The minority agrees that due regard should be given to the number of antitrust cases which are litigated in relation to cases settled. However, this is not a matter which can be controlled by arbitrarily suggesting that a greater number of cases should be tried.

The majority next suggests that cases which involve novel questions of law or which affect the standards of conduct of an entire industry, should be settled only

when the defendants agree to all of the relief which the Department of Justice believes is essential to reestablish competition, eliminate the conditions which caused the Government to institute this action, and to dissipate the fruits of monopoly.107

This suggestion has merit as a principle to be followed in the settlement of antitrust cases. However, there is no evidence that the Department of Justice has not given due consideration to these factors. As previously suggested, had the committee investigated a representative number of consent settlements, it might have discovered this procedure is being followed.108

Perhaps the majority stresses the conditions on which cases should be settled, and applies it as a general criticism, because it is really more basic to the majority's quarrel with Attorney General Brownell than the efforts to smear his character. Obviously the majority believed that the Attorney General (in settling without divestiture of Western Electric from A. T. & T.) administratively decided an issue of antitrust law. But having based its investigation on an assumption that there must have been bad faith amounting to an "abdication of duty," the majority could not forthrightly say the Attorney General miscontrued the application of the antitrust laws to the regulated industries. Therefore, the majority's general criticism of the procedures of the Department of Justice have no basis in the record. As practical suggestions, they are only that which every antitrust administrator already knows.

The minority is not primarily defending the merits of Attorney General Brownell's decision to settle without divestiture. (There is no evidence in the record, such as testimony from would-be competitors or from persons who have suffered injury from entry of the decree upon which to determine the decree's effectiveness.) The minority's purpose has been to show that valid reasons exist for an exercise of judgment and that no proof exists upon which to assume that bad faith was the controlling factor. As stated, the majority has not seen fit to introduce any legislation to correct this defect, which it now claims exists in the manufacture of telephone equipment.

108 Hearings, p. 4082.

107 Majority report, p. 27.

108 In the introduction the minority suggested for study the consent settlements in United States v. Eastman Kodak Co. (W. D. N. Y., 1954), United States v. International Business Machines Corporation (S. D. N. Y., 1956), United States v. United Fruit Company (E. D. La., 1958), and United States v. Radio Corporation of America (S. D. N. Y., 1958).

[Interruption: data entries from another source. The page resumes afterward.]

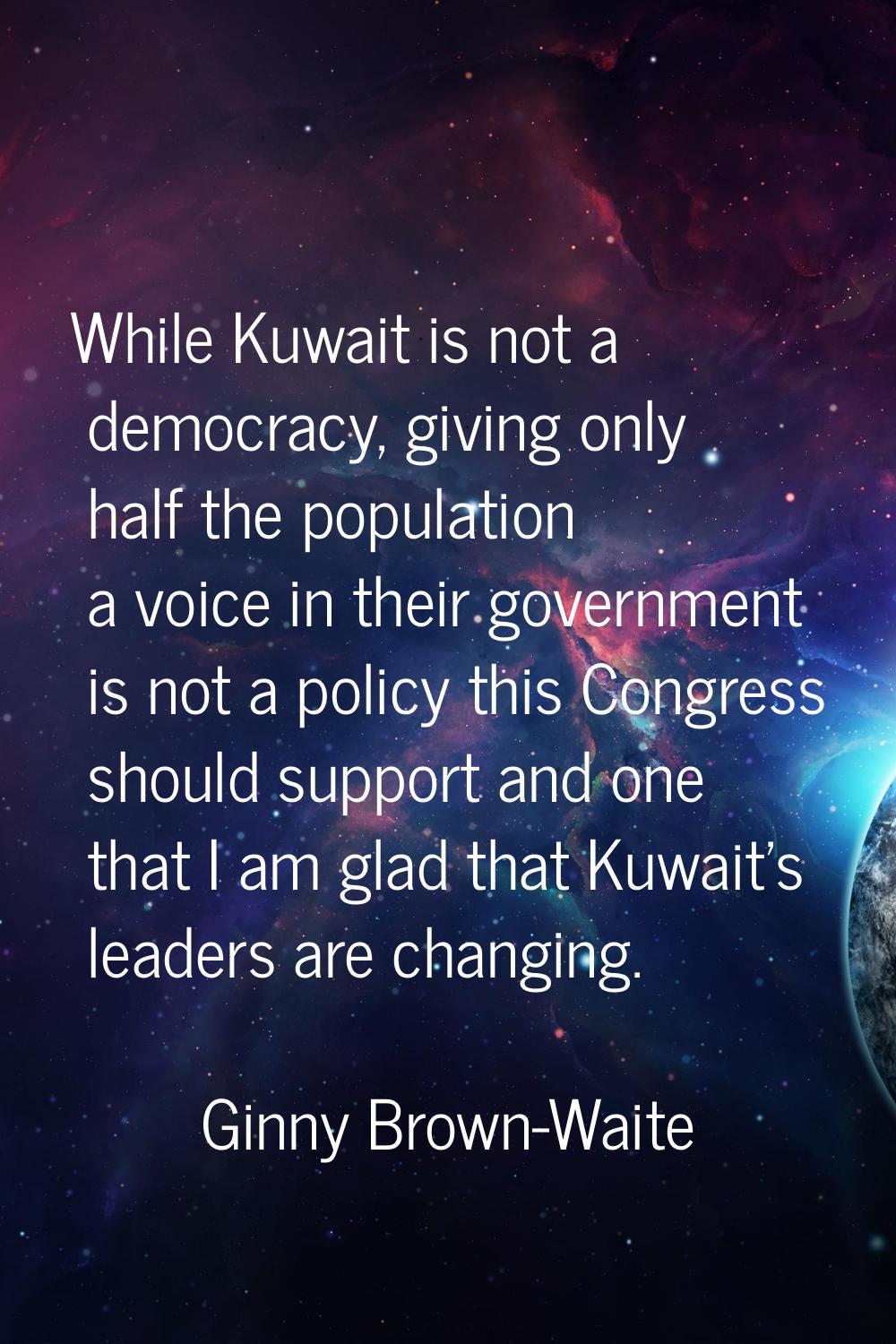 While Kuwait is not a democracy, giving only half the population a voice in their government is not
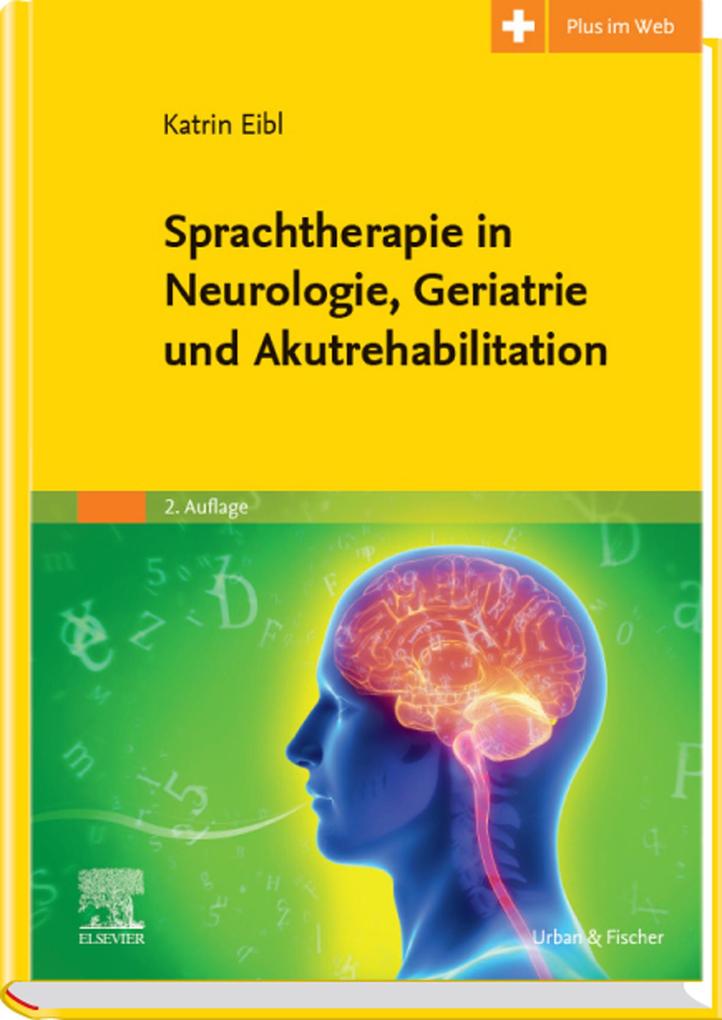 Produktbild: Sprachtherapie in Neurologie, Geriatrie und Akutrehabilitation | Katrin Eibl, Carmen Simon, Christian Tilz, Wolfgang Kriegel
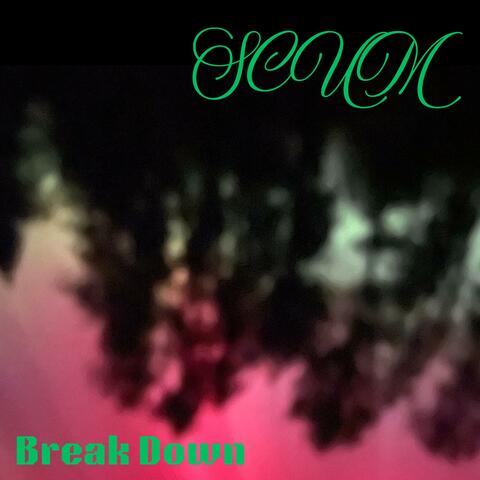 Break Down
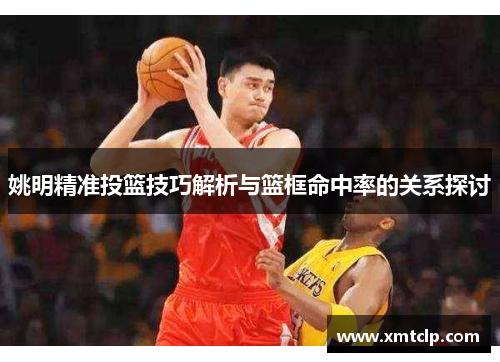 姚明精准投篮技巧解析与篮框命中率的关系探讨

At the hearing, Judge Hansen cited both the Eastman Kodak and I. B. M. consent decrees. The United Fruit and the RCA consent decrees had not been negotiated at that time. With respect to the first two, the majority report comments: "The committee has not undertaken detailed investigation of either the Eastman Kodak decree or the I. B. M. decreee, which Assistant Attorney General Hansen cited. Accordingly, the committee is not in a position to assess independently the efficacy of these two decrees" (majority report, p. 21).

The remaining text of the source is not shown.